“There’s No Place Like Home”: Creating a Safe, Individualized, Transitional Care Pathway After a Skilled Nursing Facility Stay

Yvonne Rice, PharmD; Hannah Austin, MBA; Preston Peterson, MD
https://doi.org/10.7812/TPP/18-071-23
Abstracts from the Kaiser Permanente 2018 National Quality Conference
From Northwest
Background: Care transitions from skilled nursing facilities (SNF) to home is a known clinical quality gap for medication reconciliation and safe, coordinated follow-up care. Kaiser Permanente Northwest 2016 baseline performance of Hospital 30-day All Cause Readmission Rate for this population is higher than expected at 21% and indicates an opportunity for improvement. The objective is to improve safe transitions of care from SNF, reduce avoidable hospital readmissions, and prevent serious medication discrepancies causing an adverse drug event.

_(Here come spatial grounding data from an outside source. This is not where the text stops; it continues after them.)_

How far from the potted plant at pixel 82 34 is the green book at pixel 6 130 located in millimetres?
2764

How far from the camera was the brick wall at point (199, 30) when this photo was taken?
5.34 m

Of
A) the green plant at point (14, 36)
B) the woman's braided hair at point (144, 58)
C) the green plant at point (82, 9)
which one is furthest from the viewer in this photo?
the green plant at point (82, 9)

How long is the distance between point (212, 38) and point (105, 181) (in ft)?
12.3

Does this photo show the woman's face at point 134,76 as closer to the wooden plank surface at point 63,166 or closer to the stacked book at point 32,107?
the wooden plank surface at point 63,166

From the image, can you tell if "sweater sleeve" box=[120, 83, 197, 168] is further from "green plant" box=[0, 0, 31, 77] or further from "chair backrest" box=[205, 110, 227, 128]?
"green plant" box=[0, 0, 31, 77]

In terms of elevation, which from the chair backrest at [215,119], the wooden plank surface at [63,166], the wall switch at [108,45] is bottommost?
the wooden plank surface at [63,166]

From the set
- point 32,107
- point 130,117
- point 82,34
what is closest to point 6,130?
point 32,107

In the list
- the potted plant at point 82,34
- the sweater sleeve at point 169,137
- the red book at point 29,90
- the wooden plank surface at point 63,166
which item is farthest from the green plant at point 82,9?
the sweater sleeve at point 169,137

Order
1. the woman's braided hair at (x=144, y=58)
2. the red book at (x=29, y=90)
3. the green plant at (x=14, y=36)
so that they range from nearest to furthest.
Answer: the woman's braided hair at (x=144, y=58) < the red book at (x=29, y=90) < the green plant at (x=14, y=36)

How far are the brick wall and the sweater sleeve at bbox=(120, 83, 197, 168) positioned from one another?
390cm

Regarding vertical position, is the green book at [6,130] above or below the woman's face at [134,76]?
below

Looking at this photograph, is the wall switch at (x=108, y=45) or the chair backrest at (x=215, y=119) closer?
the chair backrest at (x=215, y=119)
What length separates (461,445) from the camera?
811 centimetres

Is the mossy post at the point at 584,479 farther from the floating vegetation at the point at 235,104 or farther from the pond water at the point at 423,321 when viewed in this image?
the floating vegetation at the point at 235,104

Methods: The target population is patients from contracted SNFs in the East Service Area who discharge to home or to a homelike facility. The intervention is the execution of a SNF Transition Bundle, which includes risk stratification, a transition hotline number, standardized discharge summary, pharmacist medication reconciliation, a transition nurse (RN) follow-up call or mobile health partner home visit, and practitioner follow-up appointment within 7 days. The target population was compared with patients discharged from contracted SNFs outside the East Service Area. The success measures are decreased 30-day hospital readmission rate, decreased harmful medication discrepancies and/or errors, and improved care experience with safer transitions.

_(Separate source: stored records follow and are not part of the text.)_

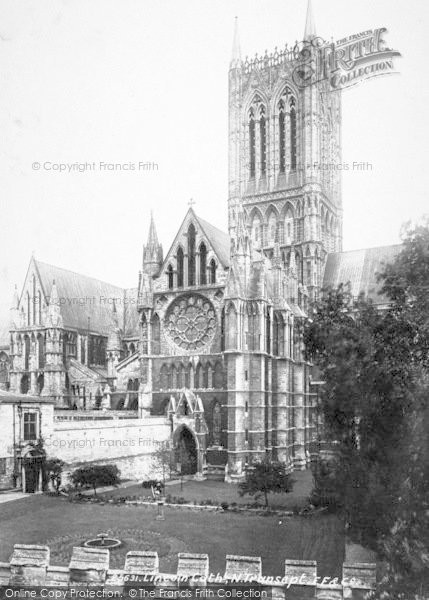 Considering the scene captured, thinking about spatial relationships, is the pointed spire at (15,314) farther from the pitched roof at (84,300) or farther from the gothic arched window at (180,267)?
the gothic arched window at (180,267)

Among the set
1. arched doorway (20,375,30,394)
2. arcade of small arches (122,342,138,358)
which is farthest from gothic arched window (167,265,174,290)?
arched doorway (20,375,30,394)

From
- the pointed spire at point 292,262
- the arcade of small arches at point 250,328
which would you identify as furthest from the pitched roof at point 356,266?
the arcade of small arches at point 250,328

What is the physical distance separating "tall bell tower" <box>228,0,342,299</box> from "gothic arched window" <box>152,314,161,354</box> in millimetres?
16756

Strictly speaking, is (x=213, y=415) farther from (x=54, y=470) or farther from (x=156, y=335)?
(x=54, y=470)

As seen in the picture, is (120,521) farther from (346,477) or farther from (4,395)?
(346,477)

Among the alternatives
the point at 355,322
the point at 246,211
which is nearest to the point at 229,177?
the point at 246,211

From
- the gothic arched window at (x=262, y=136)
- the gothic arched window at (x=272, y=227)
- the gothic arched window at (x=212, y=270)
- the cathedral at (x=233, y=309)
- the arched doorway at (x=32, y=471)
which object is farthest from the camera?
the gothic arched window at (x=262, y=136)

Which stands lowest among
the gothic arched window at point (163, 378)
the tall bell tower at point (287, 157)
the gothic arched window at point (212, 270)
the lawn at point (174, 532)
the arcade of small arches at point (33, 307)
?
the lawn at point (174, 532)

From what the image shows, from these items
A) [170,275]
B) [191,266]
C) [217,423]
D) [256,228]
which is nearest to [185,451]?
[217,423]

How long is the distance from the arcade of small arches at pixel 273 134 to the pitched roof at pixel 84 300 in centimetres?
2031

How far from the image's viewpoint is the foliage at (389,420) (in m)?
15.5

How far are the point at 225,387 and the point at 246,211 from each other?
87.8ft

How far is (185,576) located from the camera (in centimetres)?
1487

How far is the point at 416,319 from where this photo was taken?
17688 mm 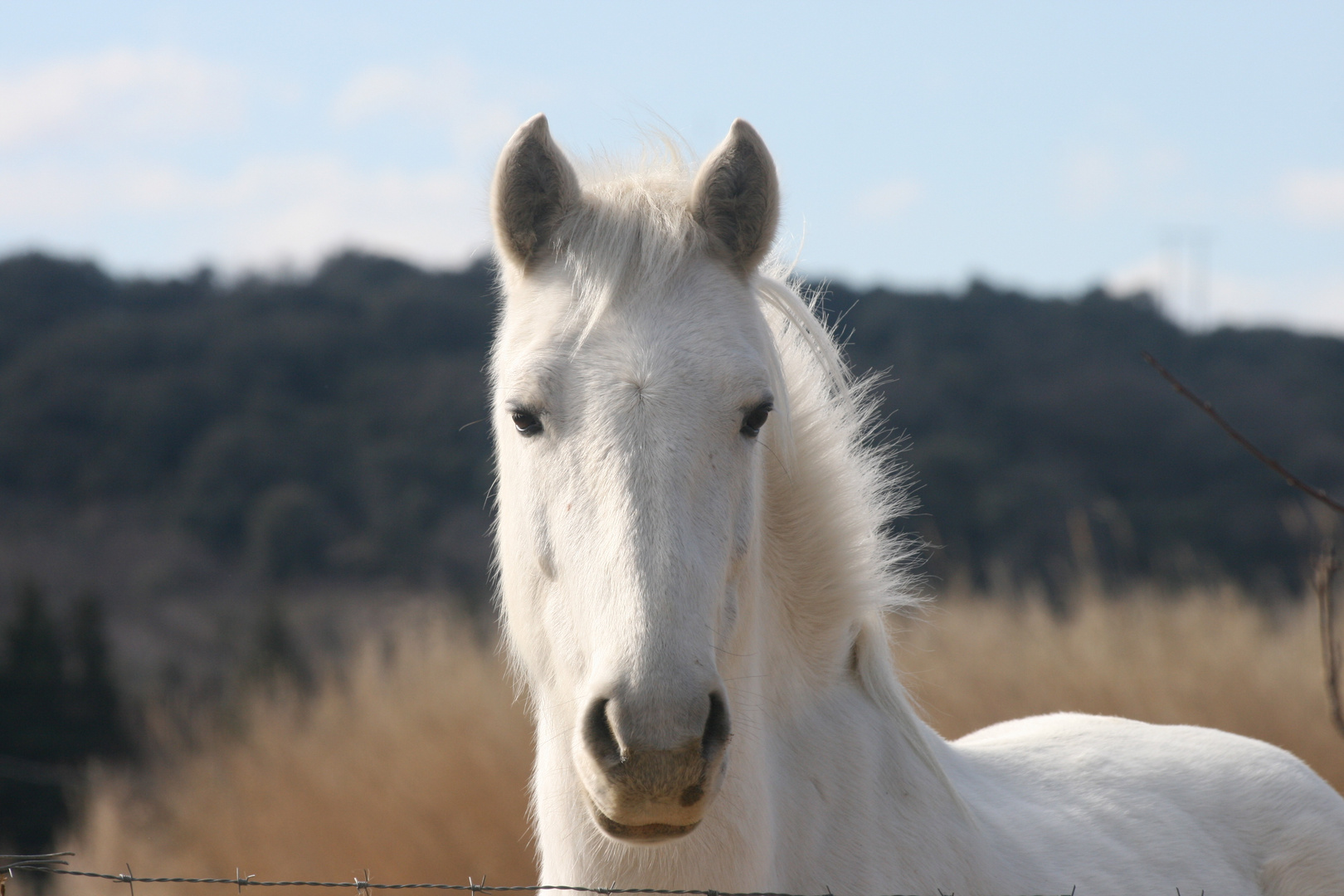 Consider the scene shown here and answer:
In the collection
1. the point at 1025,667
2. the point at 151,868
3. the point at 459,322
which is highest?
the point at 459,322

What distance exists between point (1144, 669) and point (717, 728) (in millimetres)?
5873

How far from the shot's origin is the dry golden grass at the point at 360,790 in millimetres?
5961

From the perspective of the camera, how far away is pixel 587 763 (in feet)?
4.33

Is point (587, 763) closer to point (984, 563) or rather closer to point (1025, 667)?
point (1025, 667)

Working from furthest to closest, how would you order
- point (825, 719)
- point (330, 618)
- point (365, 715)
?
point (330, 618) → point (365, 715) → point (825, 719)

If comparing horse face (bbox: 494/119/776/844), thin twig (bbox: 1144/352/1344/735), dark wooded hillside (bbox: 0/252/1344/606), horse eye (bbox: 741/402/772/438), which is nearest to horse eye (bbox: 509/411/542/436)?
horse face (bbox: 494/119/776/844)

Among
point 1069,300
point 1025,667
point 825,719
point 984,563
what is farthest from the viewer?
point 1069,300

Results: Outcomes and performance at Friendship SNF (baseline through September 2017): Hospital 30-day readmission rate decreased from 22.6% to 17.3% after Transition Bundle elements were implemented from January to year end. Serious medication errors at discharge decreased from 42% to 5%. Medication Reconciliation Post-discharge (Centers for Medicare and Medicaid Services 5-star) increased from 14% to 80% (rolling 12-month rate). East Service Area SNF Transition Bundle performance results from first 6 months (June-Nov): Pharmacist medication reconciliation for 91% of patients; follow-up contact (RN phone call or mobile health partner home visit) for 81% of patients; follow-up appointment within 7 days for 47% of high-risk patients.

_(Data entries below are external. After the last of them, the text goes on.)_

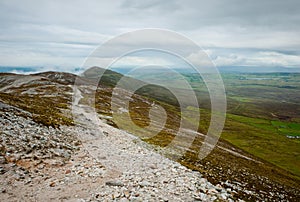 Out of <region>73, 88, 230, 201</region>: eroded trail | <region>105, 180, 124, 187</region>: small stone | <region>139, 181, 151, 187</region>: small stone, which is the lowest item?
<region>73, 88, 230, 201</region>: eroded trail

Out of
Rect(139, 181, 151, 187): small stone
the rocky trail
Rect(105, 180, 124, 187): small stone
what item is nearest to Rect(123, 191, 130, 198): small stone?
the rocky trail

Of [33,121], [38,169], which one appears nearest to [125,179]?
[38,169]

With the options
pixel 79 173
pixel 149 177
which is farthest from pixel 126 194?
pixel 79 173

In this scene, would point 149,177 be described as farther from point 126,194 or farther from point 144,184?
point 126,194

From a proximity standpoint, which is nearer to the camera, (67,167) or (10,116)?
(67,167)

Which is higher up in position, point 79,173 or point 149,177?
point 79,173

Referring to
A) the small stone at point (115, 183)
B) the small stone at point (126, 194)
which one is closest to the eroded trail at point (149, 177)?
the small stone at point (115, 183)

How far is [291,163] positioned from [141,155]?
3242 inches

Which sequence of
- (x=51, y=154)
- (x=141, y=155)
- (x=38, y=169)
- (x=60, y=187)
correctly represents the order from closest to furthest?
(x=60, y=187) → (x=38, y=169) → (x=51, y=154) → (x=141, y=155)

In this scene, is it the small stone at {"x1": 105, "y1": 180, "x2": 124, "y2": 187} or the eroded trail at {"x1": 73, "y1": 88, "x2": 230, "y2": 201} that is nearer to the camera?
the eroded trail at {"x1": 73, "y1": 88, "x2": 230, "y2": 201}

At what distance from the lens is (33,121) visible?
95.7 ft

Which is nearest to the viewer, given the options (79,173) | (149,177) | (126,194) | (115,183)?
(126,194)

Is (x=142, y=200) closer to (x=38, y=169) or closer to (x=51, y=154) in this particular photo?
(x=38, y=169)

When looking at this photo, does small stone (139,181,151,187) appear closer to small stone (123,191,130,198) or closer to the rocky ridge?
the rocky ridge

Discussion: Medication issues are complex and confusing for patients after SNF transitions of care and require dedicated resources to optimize reconciliation in the home. Coordination of care is improved with transition RN calls including family education, assistance with follow-up appointment, transportation, financial assistance, coordination with multiple teams, and action on acute symptoms. Contracted SNFs can be influenced to support safer medication processes, discharge processes, and patient education. Workflow improvement is needed to reduce duplication and rework, and build efficiency. The next step is to spread the SNF Transition Bundle model of care to all contracted SNFs in the Region.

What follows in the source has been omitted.